# Dataset records:
━━━━━━━━━━━━━━━━━━━━

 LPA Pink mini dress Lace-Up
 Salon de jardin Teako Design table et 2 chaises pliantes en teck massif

━━━━━━━━━━━━━━━━━━━━

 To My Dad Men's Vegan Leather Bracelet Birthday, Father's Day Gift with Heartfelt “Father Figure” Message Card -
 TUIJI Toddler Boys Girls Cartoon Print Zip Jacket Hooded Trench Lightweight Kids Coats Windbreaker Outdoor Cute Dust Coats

━━━━━━━━━━━━━━━━━━━━

# Brief:
Take the stretch of lines above from the one containing "LPA Pink mini dress Lace-Up" through the one containing "Salon de jardin" and repeat it exactly, adding no other line.

# Result of the task:
 LPA Pink mini dress Lace-Up
 Salon de jardin Teako Design table et 2 chaises pliantes en teck massif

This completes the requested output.